Macedonia accused of 'dangerous and deplorable' force against protesting migrants

Authorities in Macedonia were accused of using "dangerous and deplorable" force against migrants protesting at the country's border.

Greece said Maceonian police used tear gas and rubber bullets to push back crowds of people on the border town of Idomeni.

"The indiscriminate use of chemicals, rubber bullets and stun grenades against vulnerable populations, and particularly without reasons for such force, is a dangerous and deplorable act," said George Kyritsis, a spokesman for migration coordinators in the Greek government.

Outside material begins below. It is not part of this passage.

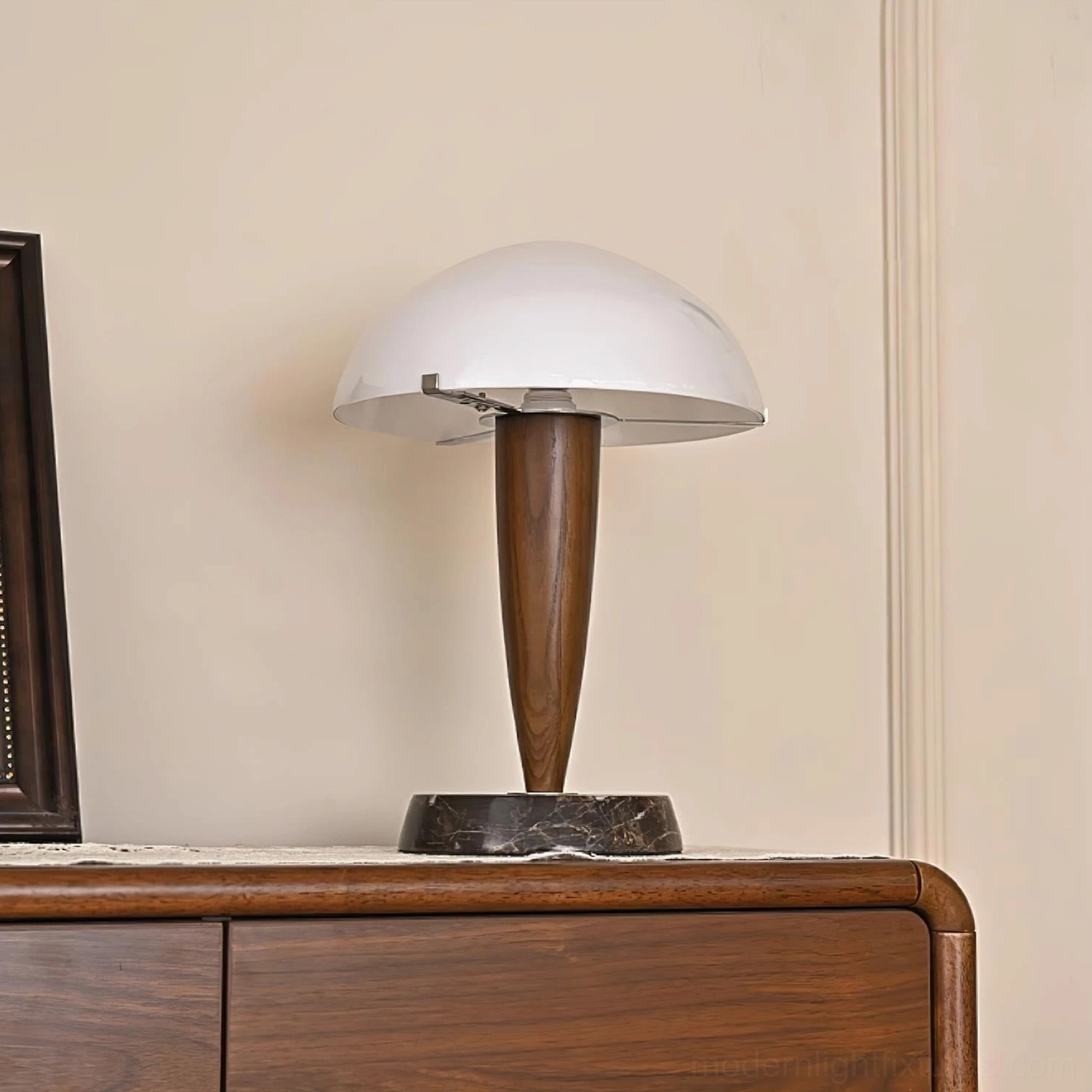 Modern marble table lamp showing frosted glass dome shade design and push-button switch integrated on wooden stem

Police sources say they fired only tear gas after migrants stormed towards a border fence on Sunday.

Hundred of migrants and refugees at a makeshift camp on the Greek side of the border stormed the border fence, a Macedonian official told Reuters.

More than 10,000 migrants and refugees have been living at the sprawling tent camp in Greece since February, stranded there after a cascade of border shutdowns throughout the Balkans.

Migrants at Idomeni are demanding that the border with Macedonia be opened, but no migrants have been allowed through for weeks.

Greek authorities have been trying to convince the migrants in Idomeni to move to reception camps, with little success.

More than a million people fleeing conflict poured into Europe mainly through Greece in the past year.

The European Union is implementing an accord under which all new arrivals to Greece will be sent back to Turkey if they don't meet asylum criteria.